Одноклассницы стали относиться ко мне с плохо скрываемой завистью: я была единственной, кто уже снимался в кино. Меня это, если честно, расстраивало, но такова актерская профессия — конкуренция в ней велика. И если у тебя что-то начинает получаться, не жди одобрения коллег, редко кто умеет искренне радоваться чужому успеху. Наверное, поэтому настоящих подруг среди актрис я так и не завела.
Съемки закончились, но никаких новых предложений не последовало. Может, оно и к лучшему. Мне удалось без проблем окончить школу и поступить в Щепкинское училище. Штурмовали его двери всем классом, но на курс Юрия Мефодьевича Соломина зачислили лишь меня и еще одного мальчика. Я была счастлива, думала: учиться у такого мастера — большая удача. Но с первых же занятий выяснилось, что радоваться рано.
Юрия Мефодьевича мы видели в училище считаные разы, он человек занятой, многие годы руководит Малым театром, играет на сцене, снимается в кино, да и общественных обязанностей у него море. Так что реально курсом руководила жена Соломина. А Ольга Николаевна — сложный человек. Перед ней трепещет вся «Щепка».

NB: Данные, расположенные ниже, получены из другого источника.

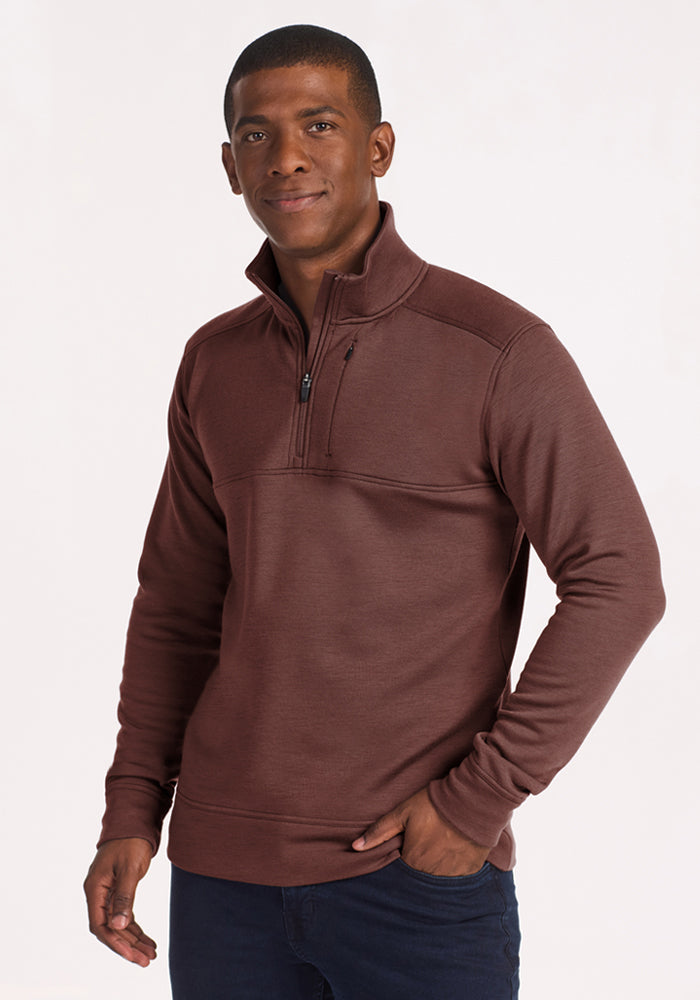 Man in Woolx Mason 1/4 Zip (Canyon Clay), hand in pocket, smiling at camera. 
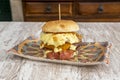 Beef burger with melted cheese of various flavors, fried egg, fried smoked bacon,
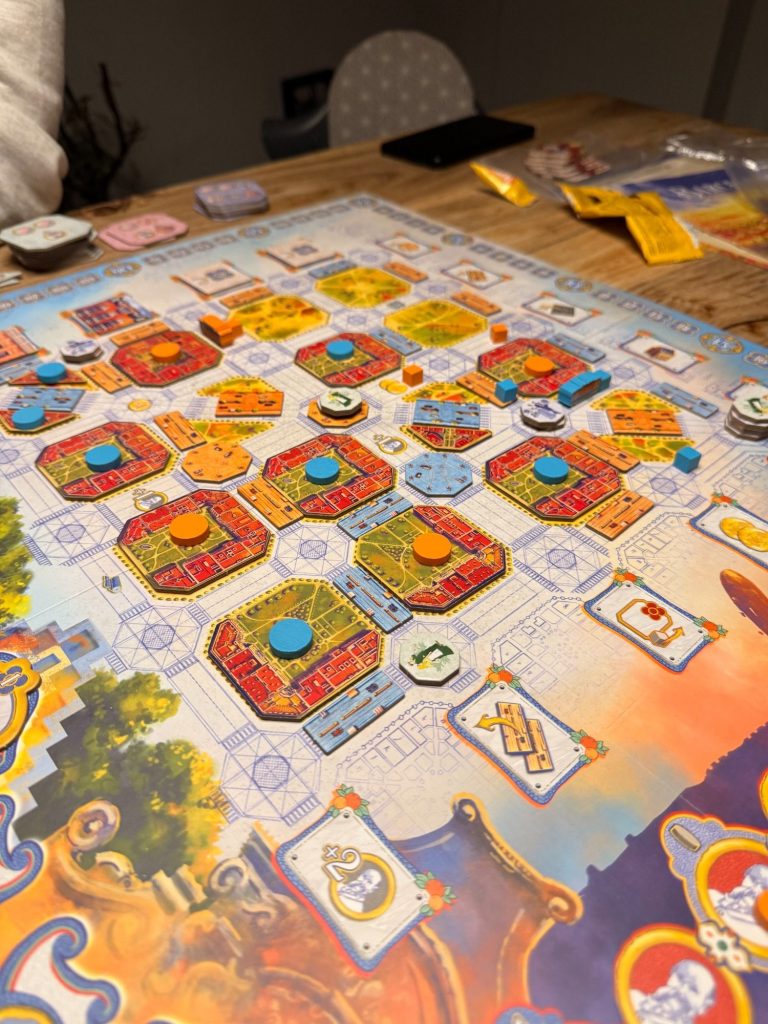 Das Bild zeigt ein Brettspiel mit bunten Spielfeldern und Spielsteinen auf einem Tisch.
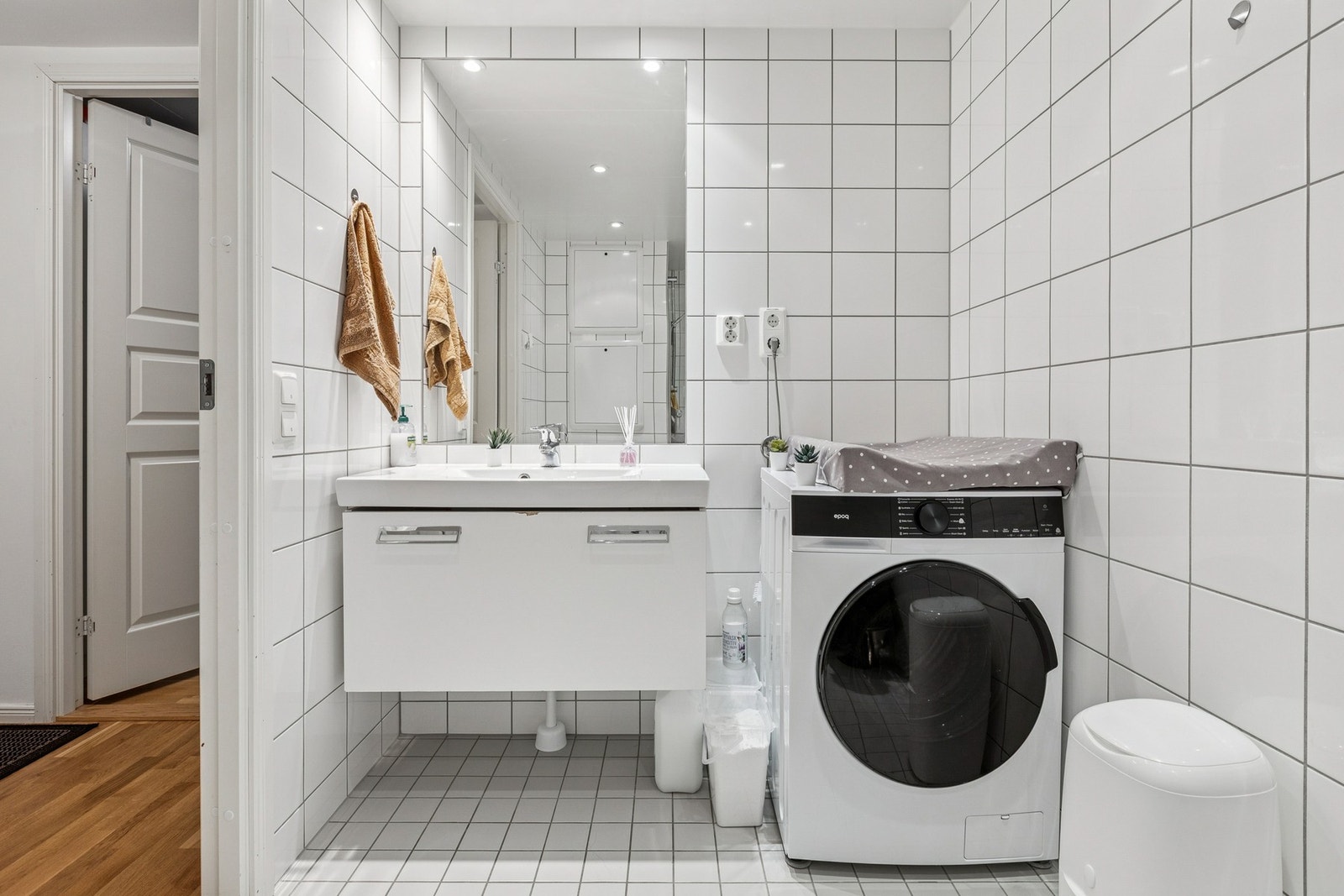 Baderom tilknyttet gangen byr på flislagte vegger og gulv med gulvvarme, en vegghengt servantinnredning med heldekkende servant og en dusjnisje med glassdør samt vegghengt klosett. Galleribilde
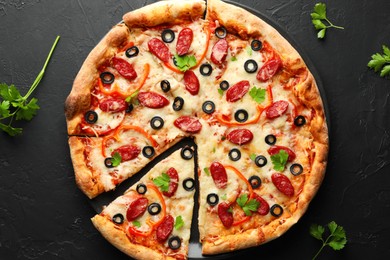 Photo of Tasty pizza with dry smoked sausages, olives, pepper and parsley on black table, top view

Студентам театральных вузов категорически запрещают сниматься в кино. Считается, что там их испортят, научат не тому, потом придется переучивать. Наверное, правильно. Но удержаться, если зовут, очень трудно, боишься упустить выпавший шанс. Вот и я согласилась, когда пригласили в сериал «Огнеборцы». Тем более что работать предстояло с Максимом Авериным, у меня была роль влюбленной в него девушки.
Заранее обговорила график съемок, его составили так, что я была задействована в основном по ночам и в выходные. Но кино вещь непредсказуемая: кто-то из актеров заболел, график спешно перекроили и меня вызвали на площадку в тот день, когда в училище проходили занятия по мастерству.
— Пожалуйста, позвоните в учебную часть, отпросите на съемки официально, мне точно откажут, — сказала я в группе.
— Без проблем, — говорят.
Через полчаса перезванивают:
— Не волнуйся, тебя отпустили, все нормально.
И я с чистой совестью пропустила занятия. На следующий день Ольга Николаевна входит в аудиторию, обводит всех взглядом и, увидев меня, говорит:
— Сейчас встанет девочка, которая будет отчислена за обман преподавателя.
— Это я, что ли?
— Ты, ты, Хилькевич.
Вставай!
— Подождите, я никого не обманывала...
— Вышла вон без разговоров.
И я вышла. А что еще оставалось? Как потом выяснилось, из съемочной группы действительно звонили, но Ольга Николаевна пропускать занятия категорически не разрешила, о чем мне, конечно же, не сообщили. В коридоре я встретила преподавательницу, ассистентку Соломиной.
Она была в курсе и посоветовала: «Тебе нужно встать на колени перед Ольгой Николаевной, может быть, тогда она тебя простит».
Ничего себе! Почему я должна вставать на колени? Как-то это не по-человечески.
Позвонила маме. Она примчалась в училище, разыскала Ольгу Николаевну.
— Я — мама Ани Хилькевич, произошло недоразумение...
Но Ольга Николаевна даже не дала ей договорить:
— Слушать ничего не хочу! Такие вещи не прощают!
И резко вышла из аудитории. Не успевшая посторониться мама оказалась у нее на дороге и получила локтем в живот.
Ошарашенная таким приемом, она призвала на помощь папу — «высшую инстанцию» в нашей семье.
Он поговорил с Соломиной, и Ольга Николаевна сказала: «Ладно, пусть учится». Но с этого дня она стала меня игнорировать. Не замечала, словно я человек-невидимка. Подготовлю отрывок, хочу показать, а меня не вызывают. Студентам дают задание сыграть какой-то этюд, но меня не задействуют... Понимая, что дальше будет только хуже, я обратилась к ректору Щепкинского училища. Он ничуть не удивился, видимо, уже привык к жалобам на Соломину: «Все понимаю, просто это не ваш худрук. Потерпите, на будущий год актеров набирает Коршунов, переведу вас к нему».